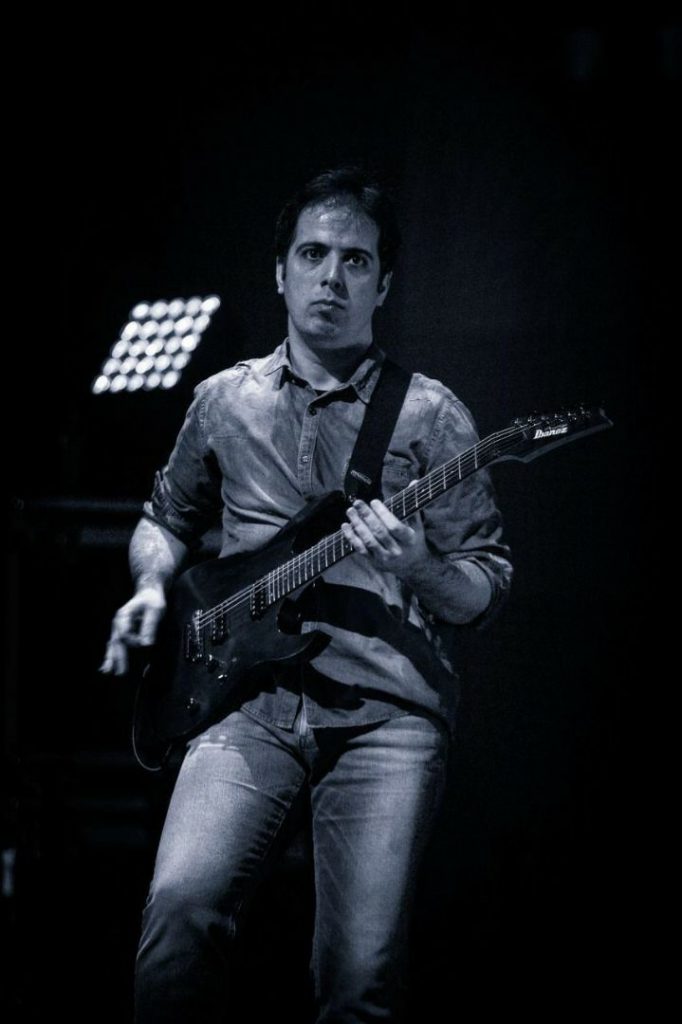 Live in Tehran With Gereh Band - Circa 2017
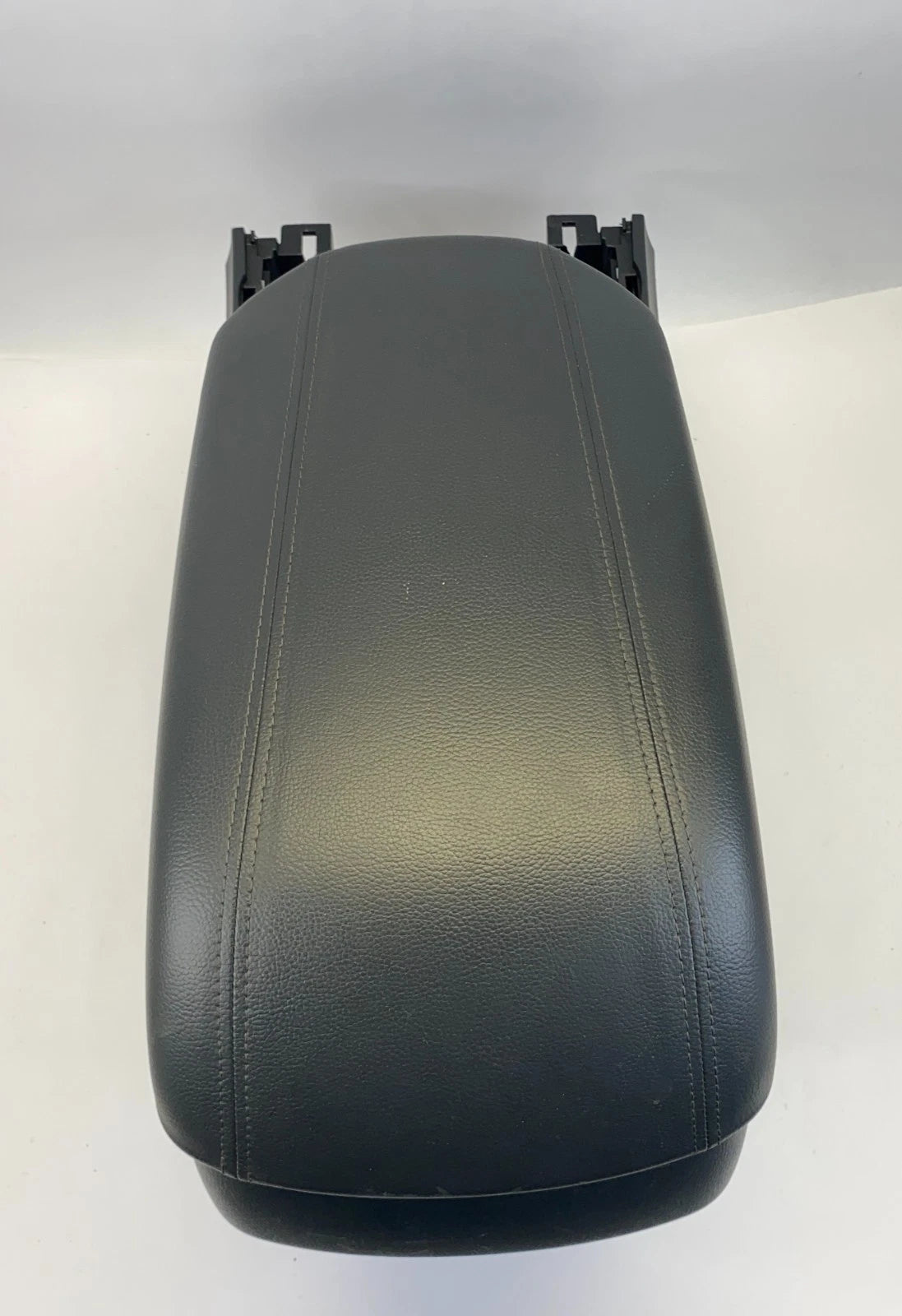 2016-2018 HYUNDAI SANTA FE SPORT CENTER CONSOLE ARMREST STORAGE COMPARTMENT OEM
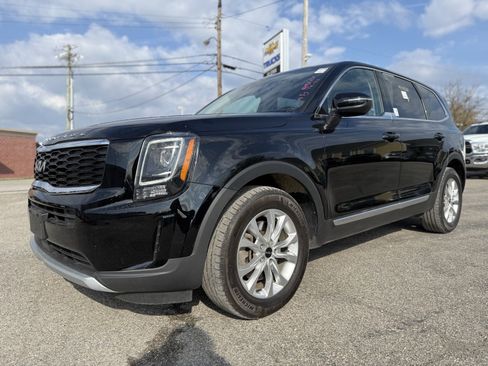 Used 2022 Kia Telluride LX image 2
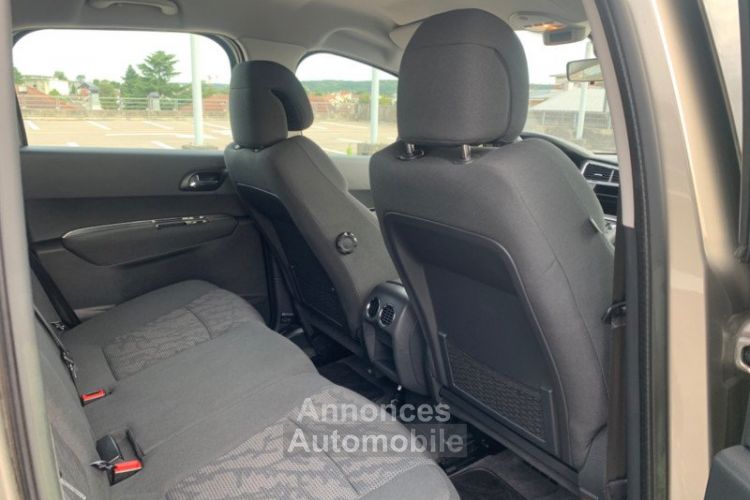 Peugeot 3008 1.6 VTI 120CH *41 021 KM* - <small></small> 7.990 € <small>TTC</small> - #7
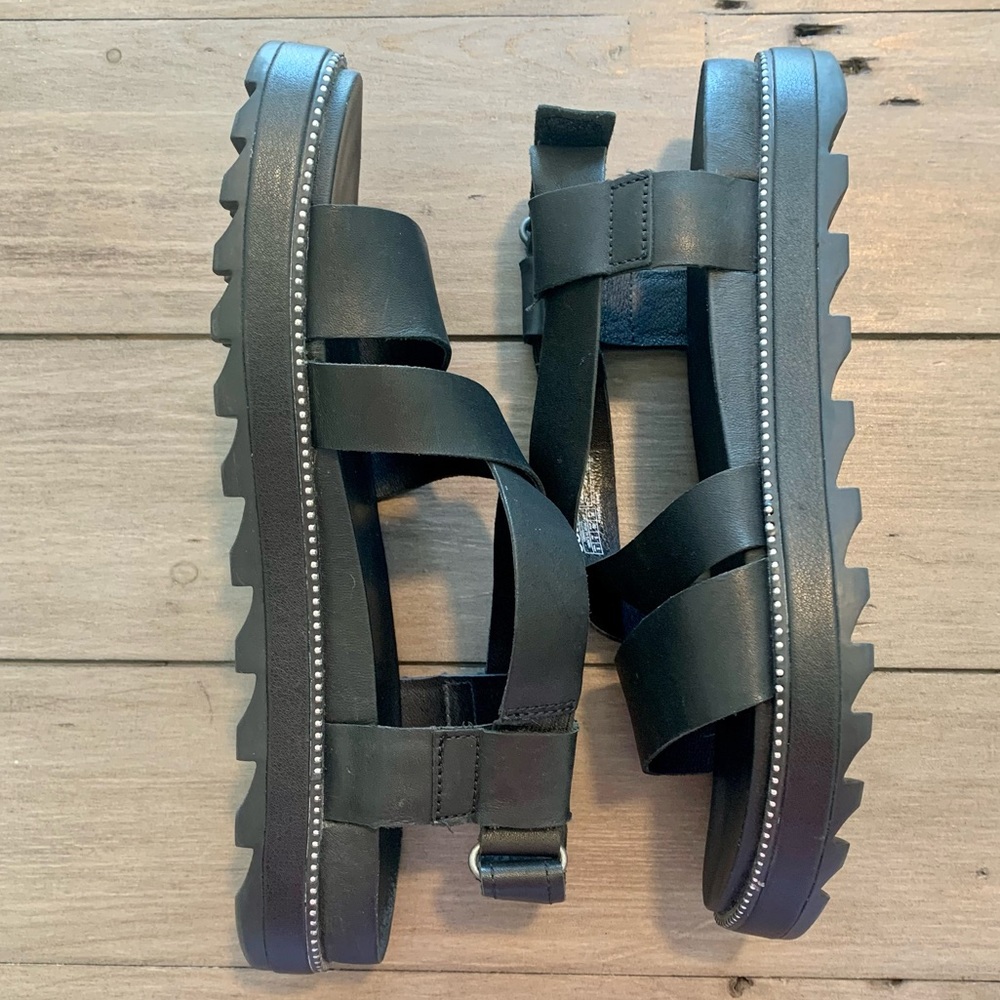 Sorel roaming cross cross sandal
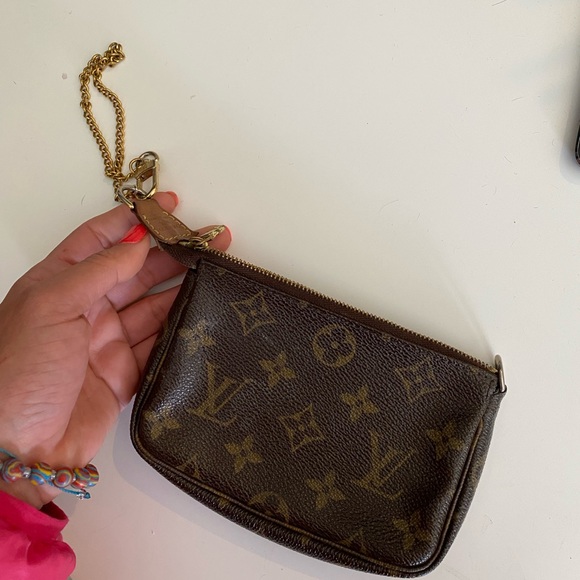LV Limited Edition  LOUIS VUITTON T&B MINI POCHETTE POUCH - Picture 3 of 9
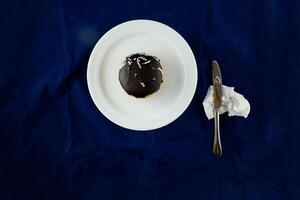 Chocolat Berlinois Donut avec couteau servi dans assiette isolé sur Contexte Haut vue de cuit petit déjeuner nourriture photo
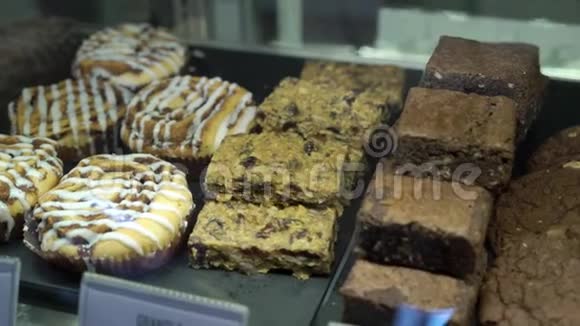 糕点店的不同糕点视频的预览图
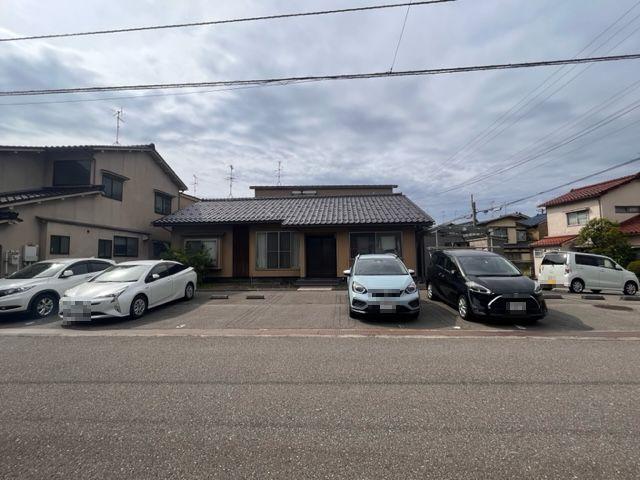 宮本駐車場の外観・駐車場イメージ1枚目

******

EXERCISE DETAILS:
Would you return the material above exactly, apart from its pictures?

RESPONSE AREA:
 Live in Tehran With Gereh Band - Circa 2017
 2016-2018 HYUNDAI SANTA FE SPORT CENTER CONSOLE ARMREST STORAGE COMPARTMENT OEM
 Used 2022 Kia Telluride LX image 2
 Peugeot 3008 1.6 VTI 120CH *41 021 KM* - <small></small> 7.990 € <small>TTC</small> - #7
 Sorel roaming cross cross sandal
LV Limited Edition  LOUIS VUITTON T&B MINI POCHETTE POUCH - Picture 3 of 9
 Chocolat Berlinois Donut avec couteau servi dans assiette isolé sur Contexte Haut vue de cuit petit déjeuner nourriture photo
 糕点店的不同糕点视频的预览图
 宮本駐車場の外観・駐車場イメージ1枚目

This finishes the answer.